In a 5-4 decision, the Supreme Court ruled in the owners’ favour.

And thus was born the Three-Step Test for analyzing an alleged infringement of religious freedom:

  • First, the claimant must have a “religious belief” (be it from organized religion, or otherwise) and that belief calls for a particular course of conduct;
  • Second, the claimant’s belief must be “sincere at the relevant time” (i.e. at the time they are claiming the accommodation);
  • Third, the claimant’s sincerely held religious belief must be sufficiently serious, and not a mere trivial breach

While this case was borne out of particular facts in the province of Quebec, it is a cogent reminder of a Corporation’s duty to accommodate religious belief and practice to the standard of “undue hardship.”

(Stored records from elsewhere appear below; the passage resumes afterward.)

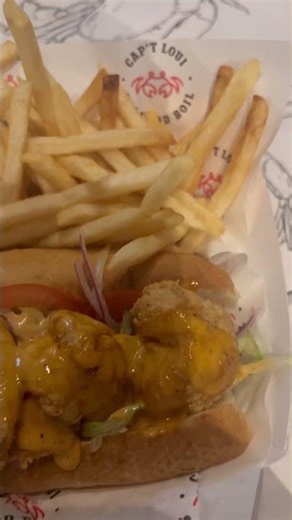 Captain Loui Shrimp Po’Boy & Seafood Boil Review! 🦐🔥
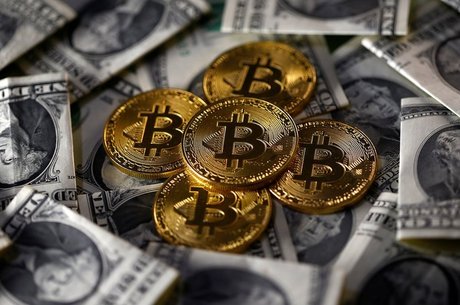 Bitcoins: valor da moeda virtual disparou no semestre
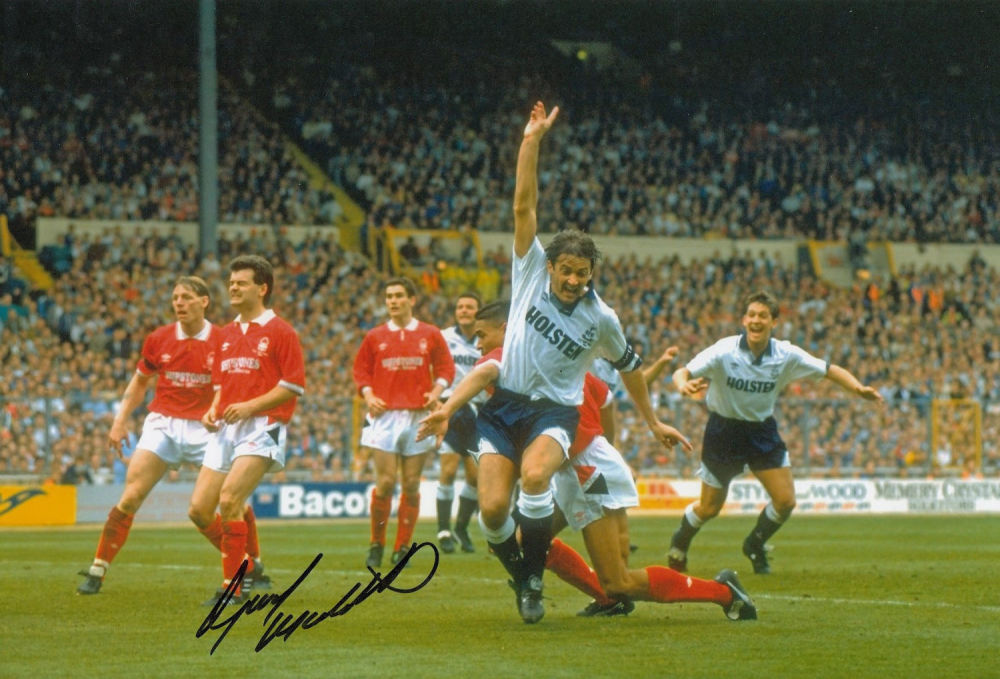 Lot 292: Autographed Gary Mabbutt 12 X 8 Photo colour,...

The Ontario Human Rights Code and the “Undue Hardship” Test:

Pursuant to sections 2 and 11 of the Ontario Human Rights Code, condominium corporations in Ontario have a legal obligation to accommodate residents’ religious beliefs and practices to the point of “undue hardship.”

Case law has suggested that “undue hardship” must amount to a particular accommodation being extremely costly or that it would interfere with the health and safety of other residents.

Something to keep in mind!

Wishing all those celebrating Rosh Hashana a Shana Tovah u’Metukah – a Happy and Sweet New Year.